(Exercise requirements): As you write out the lines from the one containing "Ambassador Charlotte Kugelberg, Permanent" through the last line of the records, keep them exact and leave out pictures.

Start of Records provided

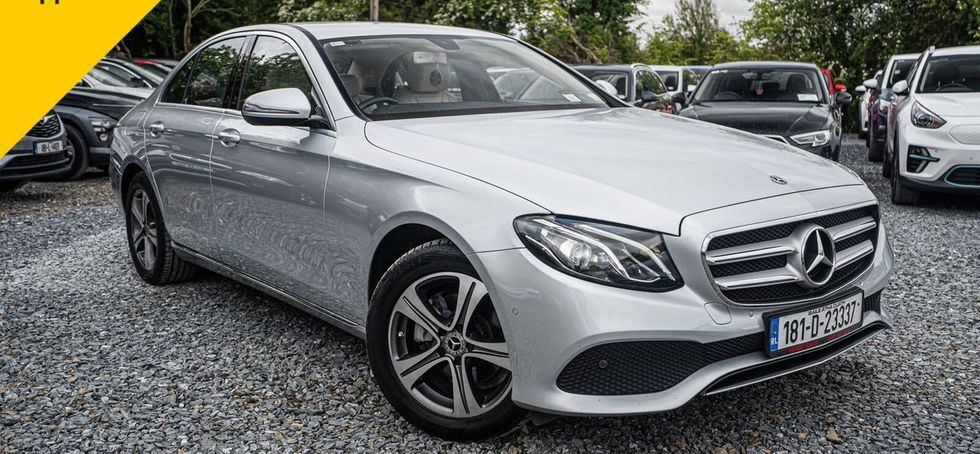 Mercedes-Benz E-Class 2018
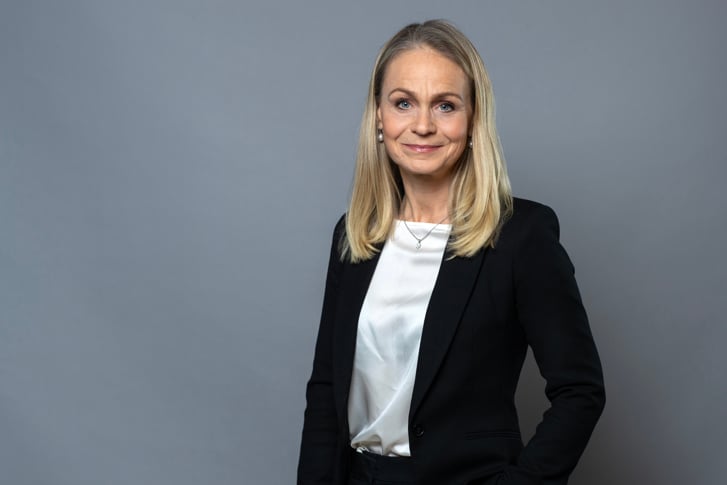 Ambassador Charlotte Kugelberg, Permanent Representative of Sweden to the United Nations
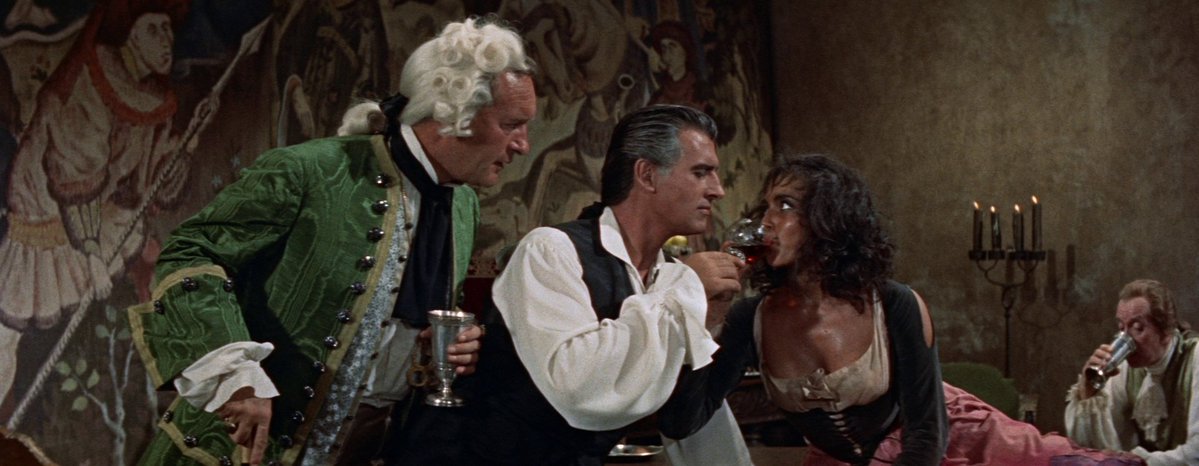 snceftn's tweet image. Moonfleet (Fritz Lang, 1955)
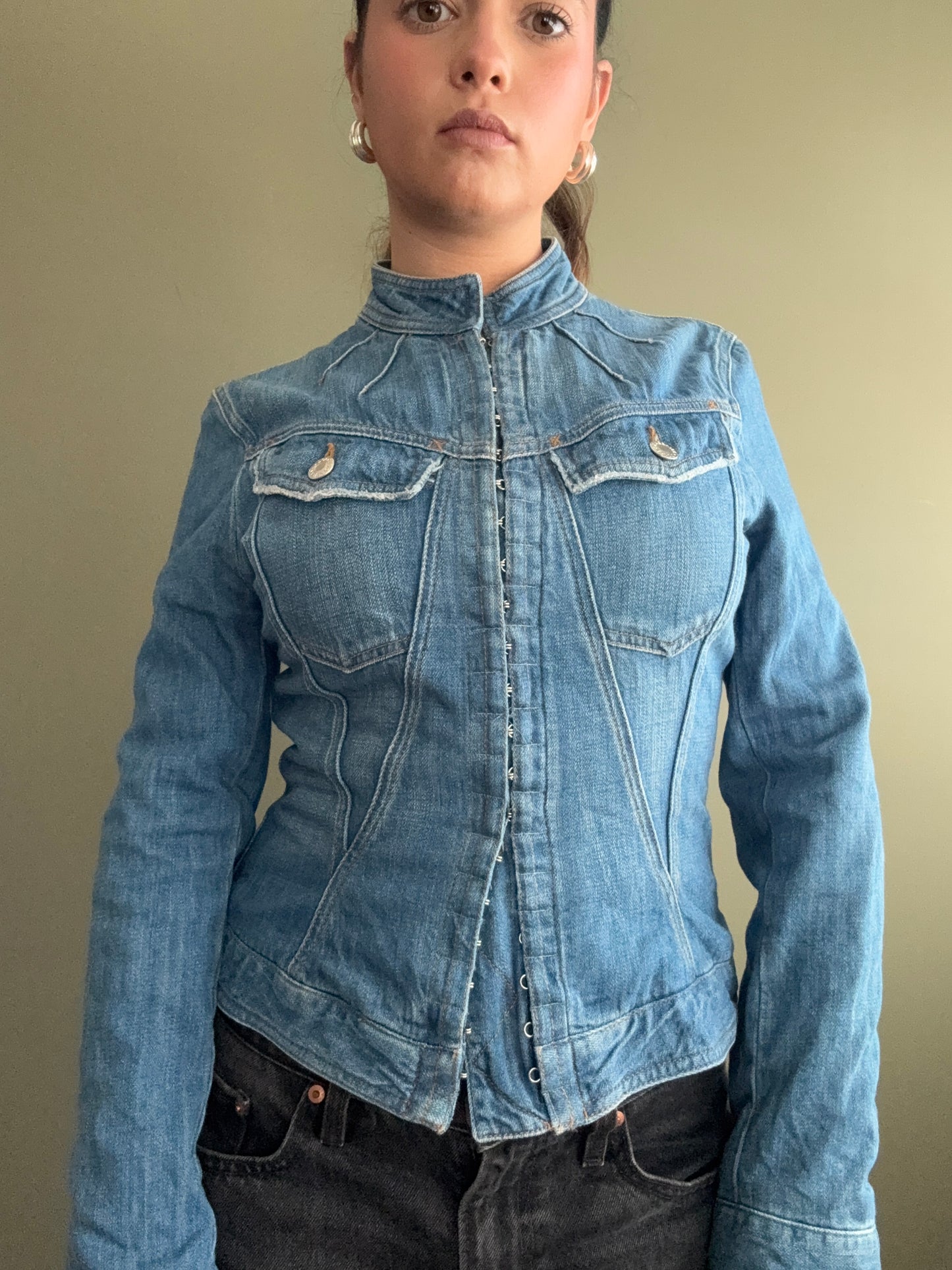 Dolce and Gabbana Denim Jacket (S)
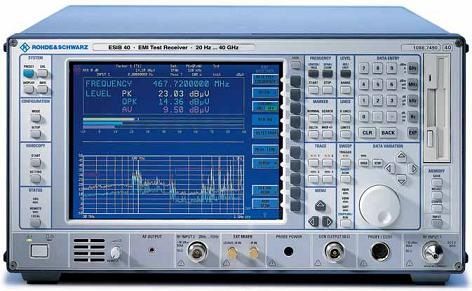 ESIB40 Rohde & Schwarz Оборудование электромагнитных помех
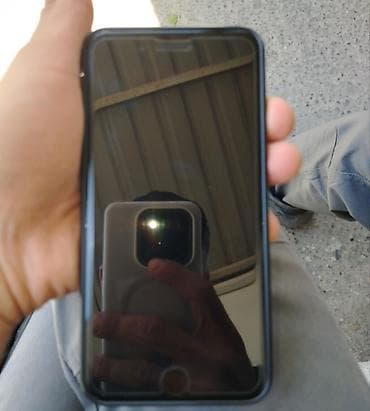 philips xenium 9@9h: IPhone 7 Plus, 128 GB, Qara, Barmaq izi — 1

End of Records provided

(Result for this task):
 Ambassador Charlotte Kugelberg, Permanent Representative of Sweden to the United Nations
 snceftn's tweet image. Moonfleet (Fritz Lang, 1955)
 Dolce and Gabbana Denim Jacket (S)
 ESIB40 Rohde & Schwarz Оборудование электромагнитных помех
 philips xenium 9@9h: IPhone 7 Plus, 128 GB, Qara, Barmaq izi — 1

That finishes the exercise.